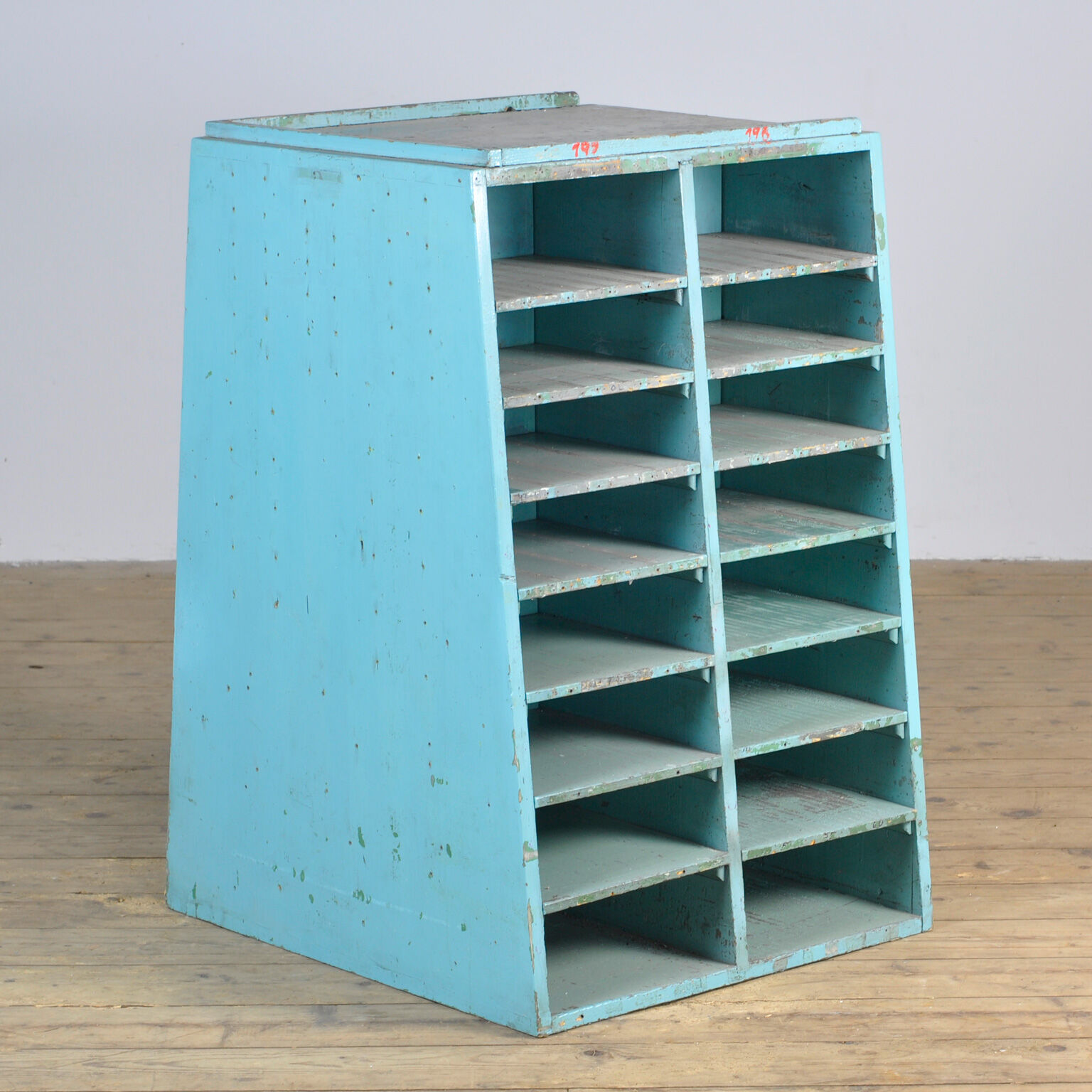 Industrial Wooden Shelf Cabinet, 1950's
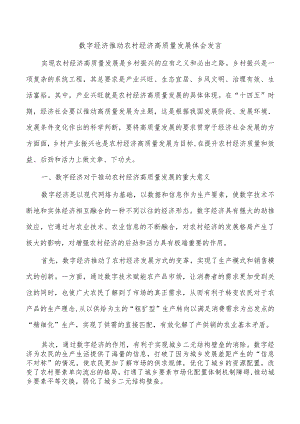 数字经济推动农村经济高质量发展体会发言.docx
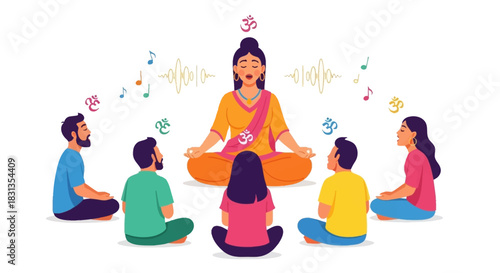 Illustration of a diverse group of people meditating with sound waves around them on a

Work item: Pictures are not part of the copy. Restate everything else in the listing word for word.

The answer:
 Industrial Wooden Shelf Cabinet, 1950's
 数字经济推动农村经济高质量发展体会发言.docx
 Illustration of a diverse group of people meditating with sound waves around them on a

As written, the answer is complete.